Q3. What is the simulation performance?  I.e. how many clock cycles,
instructions or transactions per second are simulated on the
workstation.

Q4. Given that you have multiple SystemC threads and/or methods in the
simulation, is simulation performance maximised by minimising the
number of times they block or context switch?  Discuss any useful
mechanisms that might apply be applied to your system to maximise
simulation performance while maintaining sequential consistency.

Q5. Optional: Estimate the power consumption and silicon area for this system assuming it was 45 nm VLSI.

Collaborative work is allowed provided it is made very clear who did what.

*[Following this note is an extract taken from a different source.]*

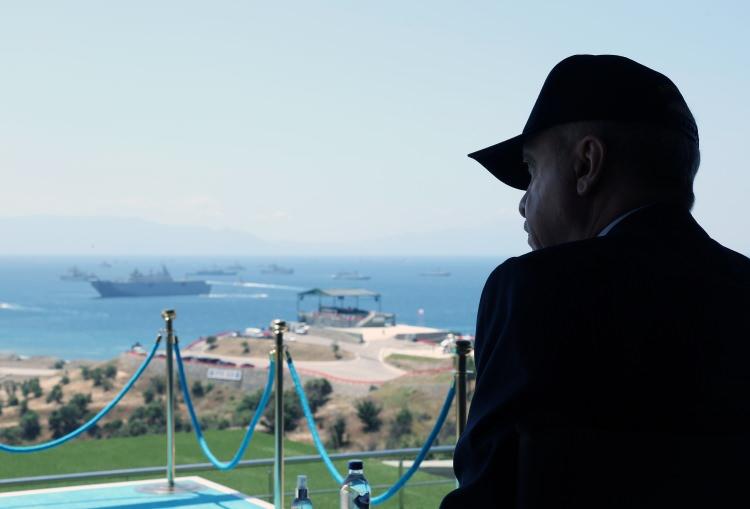 <p><span style="color:#B22222"><strong>CUMHURBAŞKANI ERDOĞAN İZLİYOR</strong></span></p>

<p>İzmir'in Seferihisar il&ccedil;esindeki Doğanbey Atışlı Tatbikat B&ouml;lgesi'nde ger&ccedil;ekleştirilen ve Cumhurbaşkanı Recep Tayyip Erdoğan'ın da izlediği tatbikatın son g&uuml;n&uuml;ndeki faaliyetleri, Milli Savunma Bakanı Yaşar G&uuml;ler ile Genelkurmay Başkanı Orgeneral Sel&ccedil;uk Bayraktaroğlu, beraberlerindeki dost ve m&uuml;ttefik &uuml;lkelerin savunma bakanları ve genelkurmay başkanları ile TSK komuta kademesi takip ediyor.</p>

------------------------------------------------------------------

Further Notes

Q. Do you mean that methods in the IP block (SystemC model) should be
callable from the C source code (software running on the OR1K)? If so
how do you achieve this? Could we get some examples?

A. Using C Preprocessor to Adapt Firmware shows a typical modifcation
to the device driver
  http://www.cl.cam.ac.uk/teaching/1011/P35/obj2.1/zhp75d177e02.html

The one-channel DMA controller example
 http://www.cl.cam.ac.uk/teaching/1011/P35/obj2.1/zhp003e249cf.html
has a slave-write function.  This is what would typically be called by
the alternative setting of the preprocessor flags.  A variant of this,
for a more-complex device, would be that the slave_write function
itself dispatches its calls to a variety of different routines
according to which register is writtent to, and the device driver code
would have separate stubs for each different write operation.  In
general, it is not just register writes that can be 'inlined' in this
way, it is invocations of major components inside the addressed
device, such as a rectangle shading function in a graphics controller,
or a packet decoding operation in an encryption co-processor.

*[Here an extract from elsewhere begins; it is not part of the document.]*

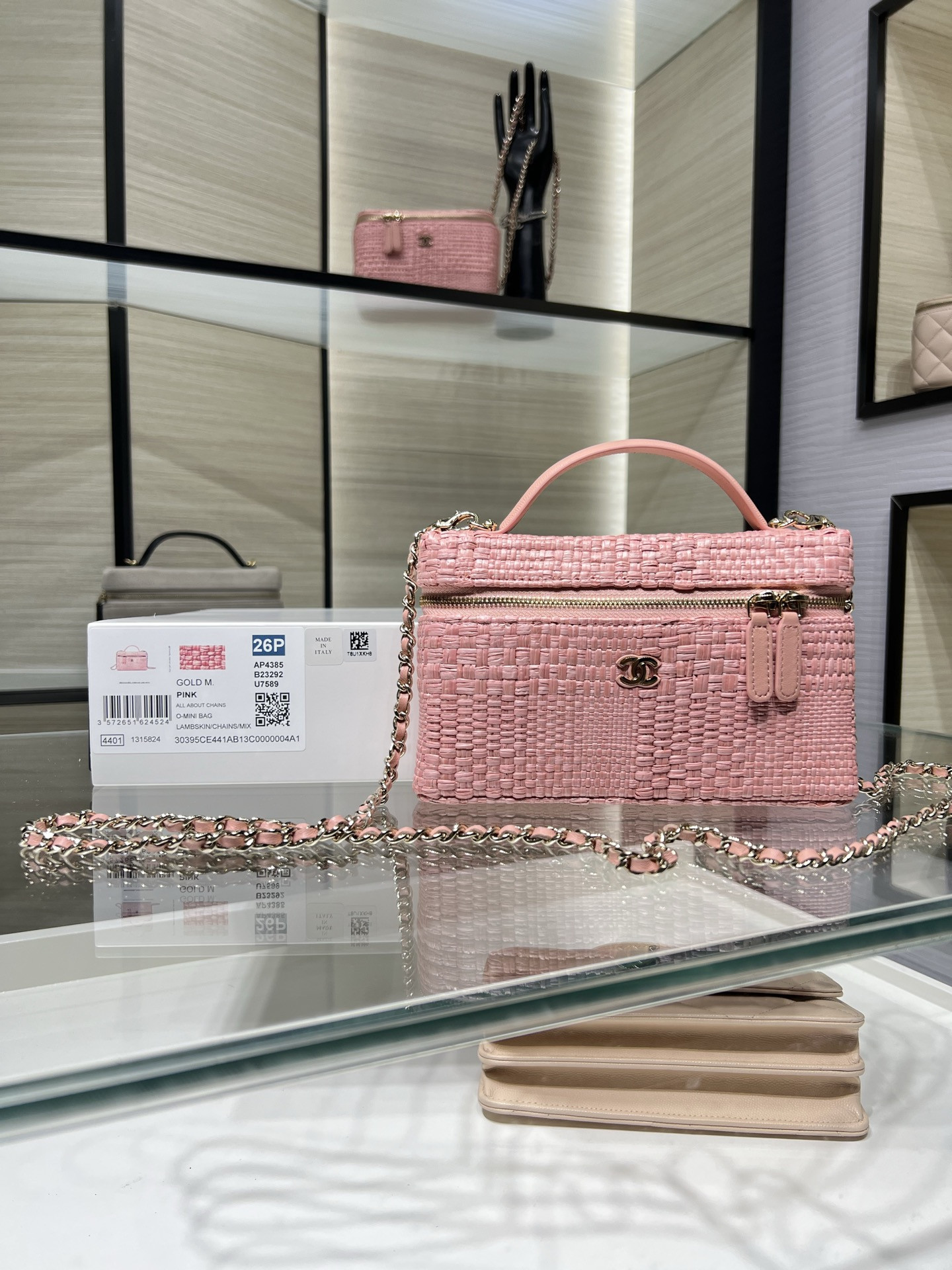 Ch*el classic vanity with chain handbag ap4385 17x19.5x5cm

Q. What is the quantum keeper?

A. The QK is illustrated on  'Loose Timing and Temporal Decoupling'
http://www.cl.cam.ac.uk/teaching/1011/P35/obj2.1/zhpc4b5acced.html


In the OR1200.cpp and orsim_sc.cpp implementations of a TLM OR1K we
see the folowing
explicit code for a simple QK
    if (maindelay > local_quantum)
       {
         wait(maindelay);
         maindelay = period;
       }
and a slightly more complex implementation of this is provided by the
TLM library quantum keeper
which is invoked with
           if (m_qk.need_sync()) m_qk.sync();


Q. Can you explain the optional part more clearly? By on-chip network do
you mean the instantiations of busmux? To model queuing contention do
you connect all IP blocks to the same initiator socket and only allow
one transaction through at a time? How do you measure contention?


A. There are various ways to model queing contention, as discussed in
 http://www.cl.cam.ac.uk/teaching/1011/P35/obj2.1/zhpe214fa1ca.html
and
 http://www.cl.cam.ac.uk/teaching/1011/P35/obj4.1/zhpbb8fdd908.html
Contention can be estimated from the measured utilisation, using a mechanism
such as the one on the slide, where the number of transactions in a recent
interval is measured.  

Q. Can you give an example of how sequential consistency might be lost?

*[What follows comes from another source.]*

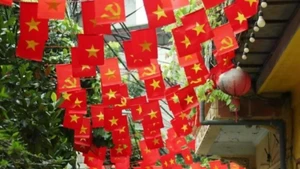 Las calles de la capital de Hanói se tiñen de rojo brillante con la bandera nacional con motivo del Día Nacional del 2 de septiembre. (Foto: Quoc Khanh/VNA)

A. Sequential consistency will be lost when two OR1K cores are using a
region of shared memory at the same time and their QK setting is more
than a few instructions.

Q. What is the purpose of creating two or more instances of the same IP block?

A. Using the same program on two cores, each addressing a different
instance of the IP block is perhaps the most simple way to demonstrate
contention on shared resources, such as a bus or cache.  It is also
another source of sequential inconsistency (even with one core if the
internals of the IP block use their own thread for losely-timed
operation) since we might see I/O operations performed in a different
order.  Having them be the same type of IP block makes differences in
I/O order more apparant, since we might generally not be very
interested in I/O ordering on different types of IP block: e.g. do we
care whether a pixel is plotted before or after an Ethernet packet is
sent ?

Q. How can you run the test application without SystemC?

A. The first item on the 'Levels of Modelling' slide
  http://www.cl.cam.ac.uk/teaching/1011/P35/obj1.1/zhpbefbf2f19.html
describes running a program that gives the same 'output'.  This may be the
same C program just compiled for a different platform, but with
different libraries
linked with it, or it may just parts of the C program, such as the
algorithmic core.
Examples of the former are the musicbox OR1K application and all of
the splash2 (/usr/groups/han/clteach/orpsoc-old/splash2) benchmark
suite can be run on the OR1K or else compiled
natively for running on the workstation.  They give the same 'output'
in both cases.


Q. It would be really useful to get an example of how the firmware can be
compiled directly with the behavioural model. After spending a day
working on this I still haven't managed to do it. It would appear that
this is considerably more complex than the slide you linked to would
suggest.

A. I have placed a basic example here (also under CVS):  /usr/groups/han/clteach/orpsoc/ethercrc


Q. Say we take the example of reading a buffered ethernet packet from
an ethernet device. Should the callable method in the IP block return
the entire packet or, say, 32 bits at a time (as would happen using
actual firmware)? The first approach seems to be more high level but
on the IP block side would actually require implementing most of the
logic twice which seems to defeat the purpose....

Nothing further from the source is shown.